───── THE DATA
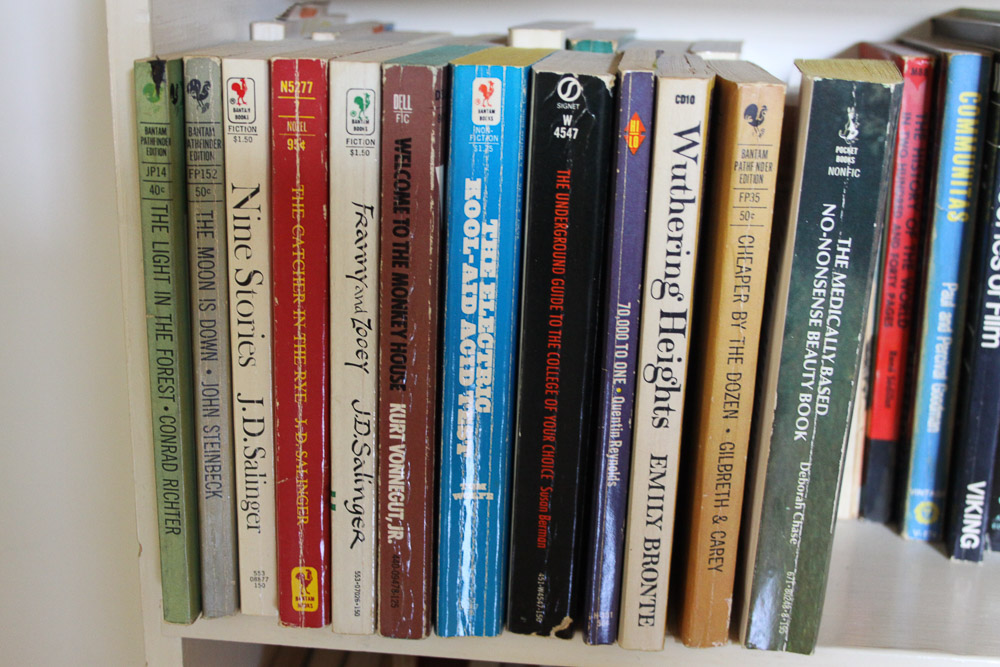 Painted Wood Bookshelf and Assorted Books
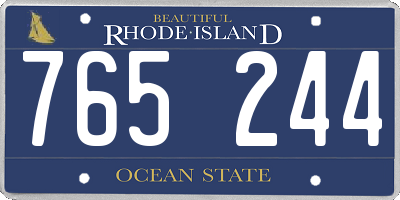 RI license plate 765244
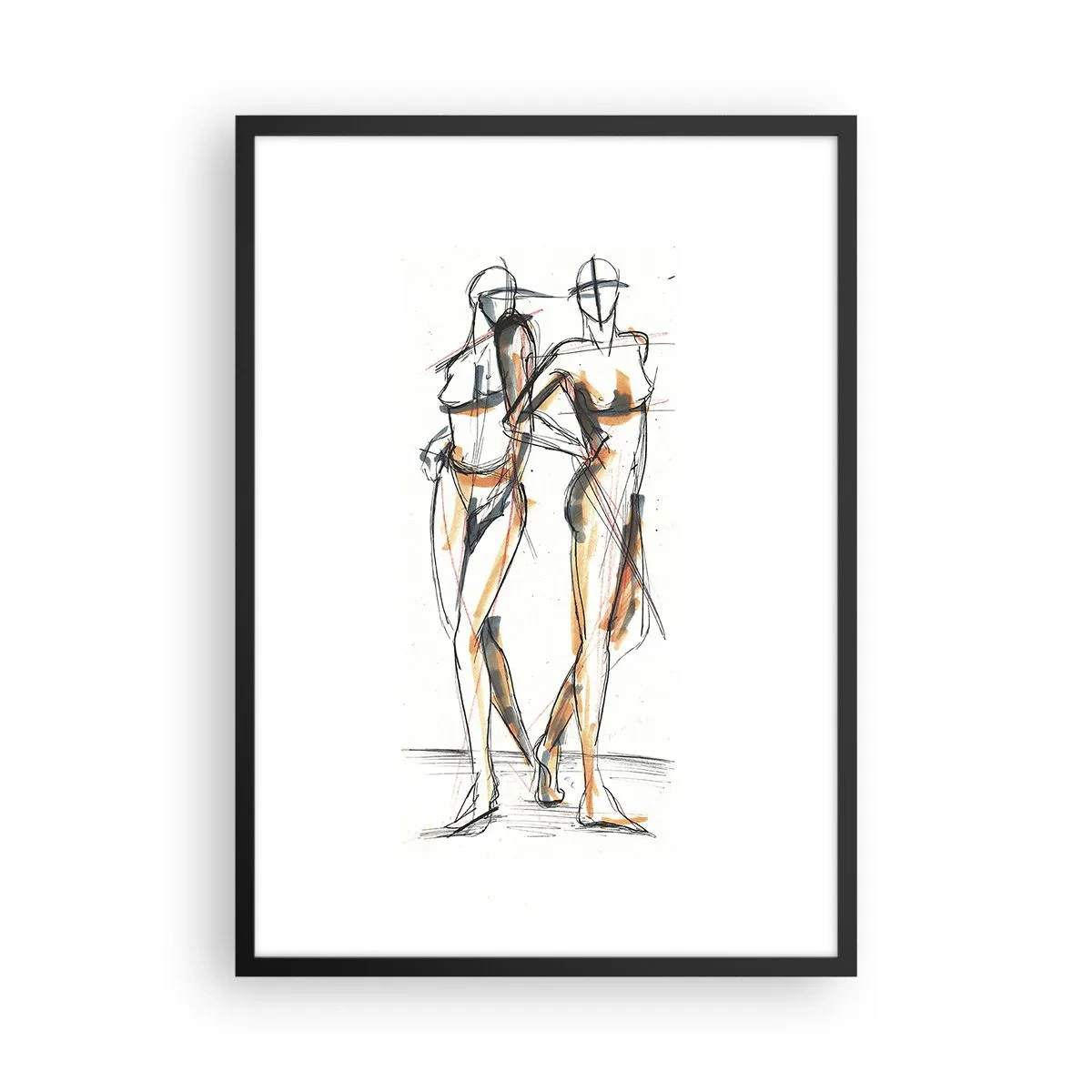 Poster in einem schwarzem Rahmen - Abstrakte Skizze zweier Figuren in warmen Farben. - 50x70cm - Studie der Gnade - Moderne Wanddekoration für Wohnzimmer und Schlafzimmer ARTTOR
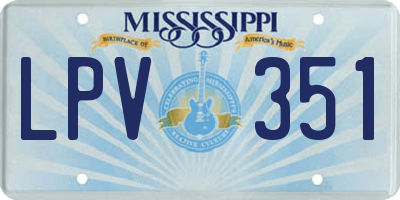 MS license plate LPV351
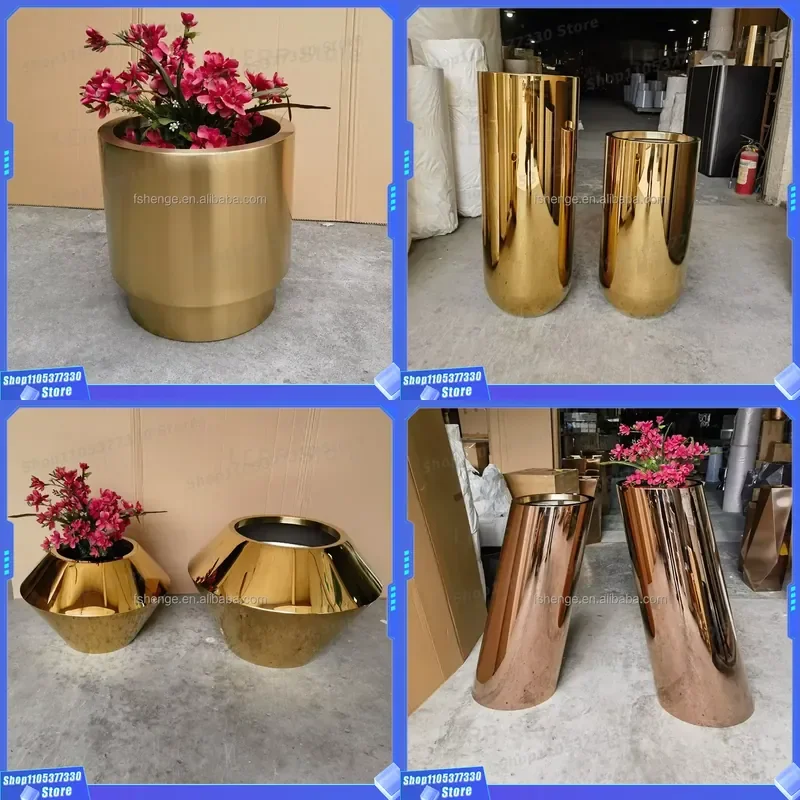 Modern Gold Stainless Steel Hanging Flower Pot For Outdoor Balcony Large Floor To Ceiling Planter Suitable For Home Garden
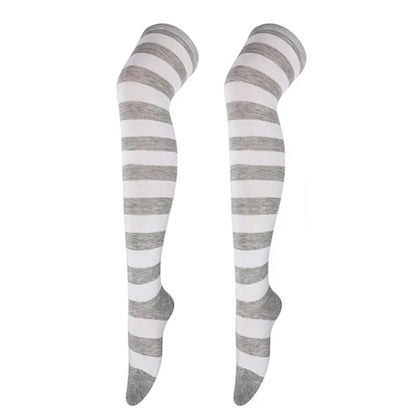 Dam Lolita Overknee Strumpor – Randiga Thigh High Cosplay, 25 Färgkombinationer One Size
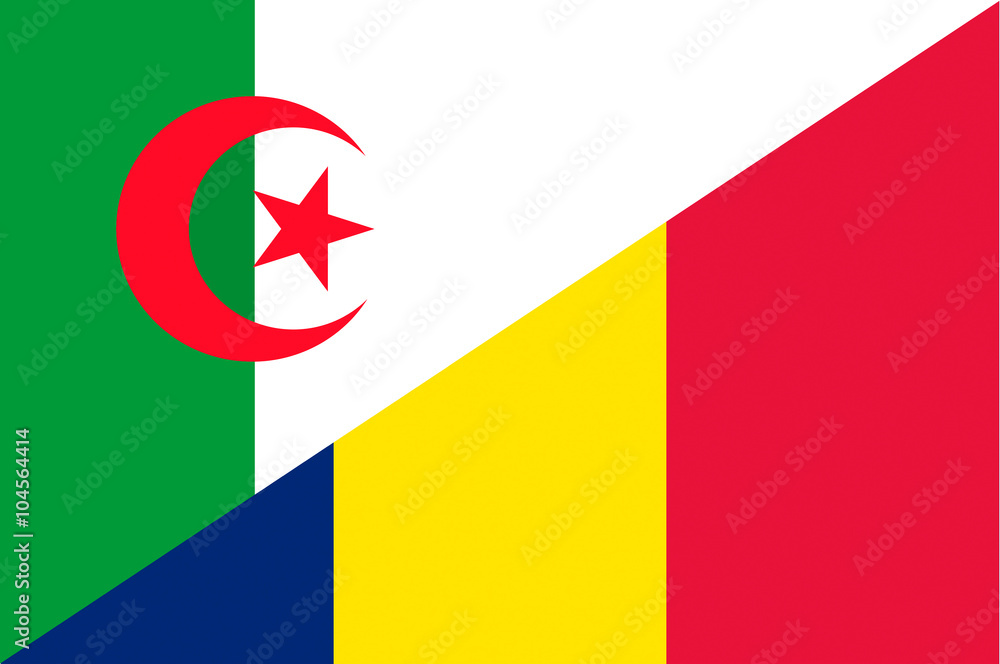 Naklejka premium Waving flag of Chad and Algeria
──────────
• TASK PROMPT
The pictures stay out; everything else in the records above must be repeated exactly.

• WRITTEN SOLUTION
 Painted Wood Bookshelf and Assorted Books
 RI license plate 765244
 Poster in einem schwarzem Rahmen - Abstrakte Skizze zweier Figuren in warmen Farben. - 50x70cm - Studie der Gnade - Moderne Wanddekoration für Wohnzimmer und Schlafzimmer ARTTOR
 MS license plate LPV351
 Modern Gold Stainless Steel Hanging Flower Pot For Outdoor Balcony Large Floor To Ceiling Planter Suitable For Home Garden
 Dam Lolita Overknee Strumpor – Randiga Thigh High Cosplay, 25 Färgkombinationer One Size
 Naklejka premium Waving flag of Chad and Algeria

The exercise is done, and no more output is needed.